リボンではスティックの部分がキャッチできずに不正確な受けとなり、体にリボンが触れてしまう箇所があった。またドゥバン+パンシェがはまらず、リボンが真上に上がったためにリスクをやらずに落下を防ぐなど、いくつかミスやプログラム通りではない箇所があったが、昨日よりずっと積極的な演技を行った。消極的な演技だけはしてはいけないという山口の強い意志が現れた演技だった。24.850
クラブでは、難度の精度やリスクのタイミングも良く、今大会自身最高のパフォーマンスを繰り広げた。スピード感や動きのキレも、今大会を目指してやってきたことがすべて出せているという印象で、見ていてもワクワクする演技だった。これまで、一年間見てきた中でも「1番の出来」と言っていいぐらいであったろう。しかし、終盤の投げから、しかそりの回転ジャンプを行おうとして、またもや足を滑らせて転び、クラブを落下。23.950で、結果的には彼女の良さを出し切ることができなかった。
ひとつの大会で2度転倒するということは、ただ単に滑りやすいフロアーであったというだけではない原因があったであろう。それを現段階で考えるに、「パフォーマンス向上のために技術を変えてきたことがまだ身についていなかったのかもしれない(岡コーチ)」。やってきたことは間違いはないのであろうが、試合でそれを出すには、少々時間が足りなかったとも言える。
とにかく昨日より順位をひとつ上げたものの山口は18位で、新体操個人競技としては2大会連続でオリンピックの切符を逃した。ここ数年、団体競技に特化した強化を行ってきたが、そのひずみもあった。応援していただいた皆様に申し訳ない気持ちでいっぱいである。
1位はKONDAKOVA(RUS)。
リボンの持ち替えで落下し、投げもミスして後半崩れ(26.500)、クラブも一度落下したが(26.900)、4種目中3種目は新しい作品。他の選手がオリンピックの切符を取るために演技を変更していない中で、新作品をここまで踊りこなすのはさすがである。
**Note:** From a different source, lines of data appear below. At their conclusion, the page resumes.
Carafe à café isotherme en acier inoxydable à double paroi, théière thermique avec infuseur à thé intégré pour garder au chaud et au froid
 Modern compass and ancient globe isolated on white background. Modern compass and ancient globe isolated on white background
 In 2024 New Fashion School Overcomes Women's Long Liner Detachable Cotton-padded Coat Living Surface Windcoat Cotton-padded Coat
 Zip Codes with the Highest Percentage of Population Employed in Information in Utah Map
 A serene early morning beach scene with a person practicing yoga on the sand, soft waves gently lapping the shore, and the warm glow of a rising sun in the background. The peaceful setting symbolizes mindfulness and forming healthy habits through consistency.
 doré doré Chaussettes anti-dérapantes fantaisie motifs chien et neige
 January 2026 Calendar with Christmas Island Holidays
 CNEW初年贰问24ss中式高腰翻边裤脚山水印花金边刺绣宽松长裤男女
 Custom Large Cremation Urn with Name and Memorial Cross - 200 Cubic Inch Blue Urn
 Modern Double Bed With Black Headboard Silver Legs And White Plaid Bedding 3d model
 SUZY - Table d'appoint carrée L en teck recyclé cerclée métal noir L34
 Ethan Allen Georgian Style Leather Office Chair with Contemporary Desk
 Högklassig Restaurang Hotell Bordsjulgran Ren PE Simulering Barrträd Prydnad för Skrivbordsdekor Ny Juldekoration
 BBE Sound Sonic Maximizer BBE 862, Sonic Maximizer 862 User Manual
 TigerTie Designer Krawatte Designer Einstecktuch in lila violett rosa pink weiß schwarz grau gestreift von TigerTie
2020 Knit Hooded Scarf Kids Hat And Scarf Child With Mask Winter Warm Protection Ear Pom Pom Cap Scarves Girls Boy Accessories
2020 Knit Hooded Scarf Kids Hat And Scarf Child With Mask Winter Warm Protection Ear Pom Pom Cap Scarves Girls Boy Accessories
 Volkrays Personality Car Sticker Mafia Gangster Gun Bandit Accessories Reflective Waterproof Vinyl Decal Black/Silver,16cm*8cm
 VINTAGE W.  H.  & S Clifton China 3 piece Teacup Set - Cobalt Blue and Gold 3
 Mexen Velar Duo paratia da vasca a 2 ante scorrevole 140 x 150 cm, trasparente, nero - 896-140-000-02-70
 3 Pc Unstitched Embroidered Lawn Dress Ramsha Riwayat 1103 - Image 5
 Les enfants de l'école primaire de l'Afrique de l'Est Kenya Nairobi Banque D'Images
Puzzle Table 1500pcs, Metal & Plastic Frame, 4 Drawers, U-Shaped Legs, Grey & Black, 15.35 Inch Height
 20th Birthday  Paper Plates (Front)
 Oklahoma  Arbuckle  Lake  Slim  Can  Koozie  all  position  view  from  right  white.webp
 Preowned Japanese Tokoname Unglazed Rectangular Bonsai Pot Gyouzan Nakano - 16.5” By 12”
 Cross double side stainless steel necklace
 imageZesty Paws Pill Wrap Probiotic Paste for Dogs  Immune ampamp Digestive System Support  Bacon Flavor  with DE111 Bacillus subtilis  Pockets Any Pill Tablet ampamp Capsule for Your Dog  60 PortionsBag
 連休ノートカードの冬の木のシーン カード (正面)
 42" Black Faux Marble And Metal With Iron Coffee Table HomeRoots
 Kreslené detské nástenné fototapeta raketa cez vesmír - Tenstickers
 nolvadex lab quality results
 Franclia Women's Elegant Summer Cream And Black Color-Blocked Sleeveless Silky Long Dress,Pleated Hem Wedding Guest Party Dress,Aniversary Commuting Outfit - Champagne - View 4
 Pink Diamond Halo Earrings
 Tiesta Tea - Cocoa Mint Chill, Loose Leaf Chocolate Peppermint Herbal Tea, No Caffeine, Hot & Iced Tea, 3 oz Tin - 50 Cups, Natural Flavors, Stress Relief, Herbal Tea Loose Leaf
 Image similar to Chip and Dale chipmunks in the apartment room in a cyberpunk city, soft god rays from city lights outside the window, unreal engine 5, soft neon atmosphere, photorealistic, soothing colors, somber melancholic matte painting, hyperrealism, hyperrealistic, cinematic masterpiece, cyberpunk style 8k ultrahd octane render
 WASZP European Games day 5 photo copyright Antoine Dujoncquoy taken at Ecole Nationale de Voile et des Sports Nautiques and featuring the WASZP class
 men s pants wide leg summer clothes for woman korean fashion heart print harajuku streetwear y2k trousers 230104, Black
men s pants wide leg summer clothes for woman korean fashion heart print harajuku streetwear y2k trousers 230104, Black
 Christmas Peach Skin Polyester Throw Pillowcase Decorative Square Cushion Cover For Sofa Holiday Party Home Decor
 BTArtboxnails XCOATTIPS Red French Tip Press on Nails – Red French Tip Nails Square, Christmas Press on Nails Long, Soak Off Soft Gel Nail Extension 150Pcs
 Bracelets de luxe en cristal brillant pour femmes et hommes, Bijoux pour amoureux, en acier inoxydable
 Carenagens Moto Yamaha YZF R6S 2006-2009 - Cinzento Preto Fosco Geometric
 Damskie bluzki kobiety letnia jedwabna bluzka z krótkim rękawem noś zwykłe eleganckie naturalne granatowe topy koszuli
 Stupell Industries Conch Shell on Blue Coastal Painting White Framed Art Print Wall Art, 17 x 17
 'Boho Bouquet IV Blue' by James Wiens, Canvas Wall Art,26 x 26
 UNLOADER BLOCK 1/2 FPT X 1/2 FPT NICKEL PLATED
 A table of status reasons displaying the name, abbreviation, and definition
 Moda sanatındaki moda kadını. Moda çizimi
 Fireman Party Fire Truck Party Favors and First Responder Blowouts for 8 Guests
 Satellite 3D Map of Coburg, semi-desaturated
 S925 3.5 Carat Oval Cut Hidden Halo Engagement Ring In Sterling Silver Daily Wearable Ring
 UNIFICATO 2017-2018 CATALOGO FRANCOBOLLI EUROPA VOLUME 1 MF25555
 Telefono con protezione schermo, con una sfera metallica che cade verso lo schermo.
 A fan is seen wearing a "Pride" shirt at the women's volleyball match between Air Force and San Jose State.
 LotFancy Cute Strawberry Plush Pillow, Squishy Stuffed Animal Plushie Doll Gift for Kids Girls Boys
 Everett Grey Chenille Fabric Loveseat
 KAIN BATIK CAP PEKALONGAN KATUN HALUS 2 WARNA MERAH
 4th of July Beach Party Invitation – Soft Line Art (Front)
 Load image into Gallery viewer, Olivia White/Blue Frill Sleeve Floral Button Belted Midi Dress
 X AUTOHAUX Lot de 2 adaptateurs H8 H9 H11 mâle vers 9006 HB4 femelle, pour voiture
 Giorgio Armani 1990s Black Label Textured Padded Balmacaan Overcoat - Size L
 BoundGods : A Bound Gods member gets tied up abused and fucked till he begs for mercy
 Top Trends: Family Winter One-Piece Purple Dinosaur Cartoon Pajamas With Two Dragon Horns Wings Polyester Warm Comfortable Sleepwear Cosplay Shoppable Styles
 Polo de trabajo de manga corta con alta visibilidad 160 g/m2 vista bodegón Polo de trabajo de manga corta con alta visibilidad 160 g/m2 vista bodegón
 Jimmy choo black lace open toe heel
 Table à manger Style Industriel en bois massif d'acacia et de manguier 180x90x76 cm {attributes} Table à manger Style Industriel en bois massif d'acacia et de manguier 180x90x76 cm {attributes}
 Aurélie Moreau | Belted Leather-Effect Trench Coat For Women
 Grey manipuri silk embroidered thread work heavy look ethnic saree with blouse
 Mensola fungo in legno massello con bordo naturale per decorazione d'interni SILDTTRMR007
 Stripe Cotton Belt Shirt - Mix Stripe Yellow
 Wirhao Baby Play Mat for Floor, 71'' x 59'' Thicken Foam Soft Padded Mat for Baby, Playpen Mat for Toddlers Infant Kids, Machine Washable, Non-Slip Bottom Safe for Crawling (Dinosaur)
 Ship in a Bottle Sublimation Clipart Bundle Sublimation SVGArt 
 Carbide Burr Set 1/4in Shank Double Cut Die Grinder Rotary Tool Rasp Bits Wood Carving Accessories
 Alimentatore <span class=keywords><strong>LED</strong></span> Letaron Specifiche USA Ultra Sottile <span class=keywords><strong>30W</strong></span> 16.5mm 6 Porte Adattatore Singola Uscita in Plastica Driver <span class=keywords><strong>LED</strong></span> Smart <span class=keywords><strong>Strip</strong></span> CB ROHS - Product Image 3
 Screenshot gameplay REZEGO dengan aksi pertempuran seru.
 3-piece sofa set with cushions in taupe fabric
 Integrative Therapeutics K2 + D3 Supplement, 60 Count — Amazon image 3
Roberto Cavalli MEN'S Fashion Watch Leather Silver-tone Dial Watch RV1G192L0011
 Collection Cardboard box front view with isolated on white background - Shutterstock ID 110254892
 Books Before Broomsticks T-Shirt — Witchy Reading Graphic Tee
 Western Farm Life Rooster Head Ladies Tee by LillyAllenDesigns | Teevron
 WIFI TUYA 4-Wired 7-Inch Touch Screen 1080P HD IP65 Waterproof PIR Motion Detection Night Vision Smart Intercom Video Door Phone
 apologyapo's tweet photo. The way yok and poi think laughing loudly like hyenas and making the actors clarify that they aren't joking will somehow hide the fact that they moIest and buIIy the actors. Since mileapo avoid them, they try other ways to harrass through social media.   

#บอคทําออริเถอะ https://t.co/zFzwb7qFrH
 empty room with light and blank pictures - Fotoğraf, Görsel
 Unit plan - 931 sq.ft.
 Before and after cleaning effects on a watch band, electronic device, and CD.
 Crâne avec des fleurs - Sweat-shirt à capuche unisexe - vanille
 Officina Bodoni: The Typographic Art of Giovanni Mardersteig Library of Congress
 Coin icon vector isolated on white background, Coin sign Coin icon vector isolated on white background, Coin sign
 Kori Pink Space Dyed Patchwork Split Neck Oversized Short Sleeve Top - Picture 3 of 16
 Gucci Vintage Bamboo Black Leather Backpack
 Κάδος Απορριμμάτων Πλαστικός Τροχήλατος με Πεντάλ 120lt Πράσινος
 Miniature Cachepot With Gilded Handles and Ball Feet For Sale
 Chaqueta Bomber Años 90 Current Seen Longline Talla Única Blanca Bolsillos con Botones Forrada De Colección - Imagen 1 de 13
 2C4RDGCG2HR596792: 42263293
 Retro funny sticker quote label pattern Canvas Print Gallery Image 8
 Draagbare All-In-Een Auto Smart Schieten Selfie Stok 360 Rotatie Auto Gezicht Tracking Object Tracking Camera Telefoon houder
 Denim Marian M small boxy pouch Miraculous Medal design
どの種目もパワフルで、完成が楽しみである。
2位はALYABYEVA(KAZ)。
リボンでは、リボンの先がフロアー外に触れ、0.2の減点となってしまったが、4種目を通じて安定感のある演技であった。
3位はGANNA(UKR)。
リボンではピボットが少々崩れる場面もあったが、彼女の世界を見せつけた。
4位はRODRIGUEZ(ESP)。
ていねいかつ情熱的な演技で、4種目を通じてまったくミスがなかった。
5位にはTRIKOMITI(CYP)が入った。
彼女も4種目ともミスがなく、今日もピボットの軸の乗りの良さを見せた(フォームは良くないが)。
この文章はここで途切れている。